If you already know ReactJS, then it'll probably be a lot easier for you to
learn React Native than Swift or Objective-C.

If you are working on a team with primarily JS developers, React Native is
probably a better choice to go with.

Will this cause Swift to be irrelevant? Probably not.

\--

If you are learning iOS and doing production / client work, you should be
aware that using a third party framework could actually break your app. I'm
interested in React Naive, but also very weary about it. Facebook released a
framework called Three20 back in iOS 2.0/3.0 days and abandoned the project
shortly afterwards. Of course being open source there is bound to be people
who take over the project, but it's something to think about.

------
kin
This sounds promising. I've been building something with Ionic recently and
it's great 'cause it's just Angular but the documentation is a bit
inconsistent and outdated. If React Native were to execute and deliver, I'd
definitely love to switch over.

------
yuchi
Seasoned Appcelerator’s Titanium Mobile SDK dev here. Looks like that a lot of
people here is comparing this announcement from the react team to the Titanium
Mobile SDK. I’d like to give some info to shed some light on the differences,
and probably anticipate the challenges they have to (or _had_ to) solve.

## Architecture

Both Titanium SDK and this Native React thing _do have_ a JavaScript runtime
behind the curtains.

Both frameworks will run the JS runtime on the background, on a different
thread from the UI. This is incredibly important to remind.

Titanium SDK follows an OOP-ish, imperative approach. You create views using
factories (`Titanium.UI.createScrollView({ })`) and you add those views to
parent views (`parent.add(child)`). This is very similar to a browser DOM, and
in fact it’s cumbersome to work with. They built an xml preprocessor called
Alloy which does a better job at exposing the view hierarchy right in the
source, but it just compiles down to JS, `create()` and `add()`.

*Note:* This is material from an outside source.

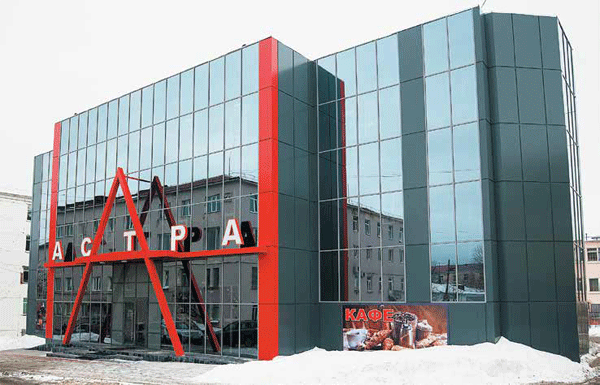 astra.gif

This is important for the evaluation _at least_ for the following reason:
every time you update a property on a view (actually on a proxy object to the
real view) you’re _crossing the bridge_ and you have to pay that penality. The
bridge is the void between the JS runtime’s thread and the main, UI’s one.
This is incredibly painful when trying to do JS animations, sometimes if
you’re not careful you can get hurt very badly. You can still do great things,
but it’s way better to use the native `.animate()` methods, which cross the
bridge only twice (at start, and at the end as a callback invoking).

On Native React you should not have this kind of problems because changes will
be batched and updated on a update loop basis or at least debounced. Or at
least optimized in some smart way. I believe.

## Layout

One big problem will be the layout. Given that they don’t want the developers
to understand every layout system every platform provides, they have to
normalize it somehow. Titanium SDK has it’s own layout system, incredibly easy
to understand even from a web-only dev experience:

a) by default everything is absolute positioned,

b) you can get a vertical flow layout by setting the 'layout' property on the
parent view or

c) you can get a horizontal flow (inline-block-ish) by setting 'layout' to
horizontal.

Native React will probably follow a more intimately web-ish approach, just
look at this JS/C/Java implementation of the box-model and flex-box
specification by Facebook itself [1]

[1]: [https://github.com/facebook/css-layout](https://github.com/facebook/css-
layout)

## Support and limits

Titanium SDK is always criticized for being to limited in what you can do with
it. This actually comes from two different issues:

1) they have to (almost) manually implement every API you might need, by
proxying from native-land to JS-land;

2) they have to follow every release of the platform’s SDK;

3) you cannot just put native code along-side your JS code, so you cannot go
where they didn’t.

Let’s see how Native React will solve this issue.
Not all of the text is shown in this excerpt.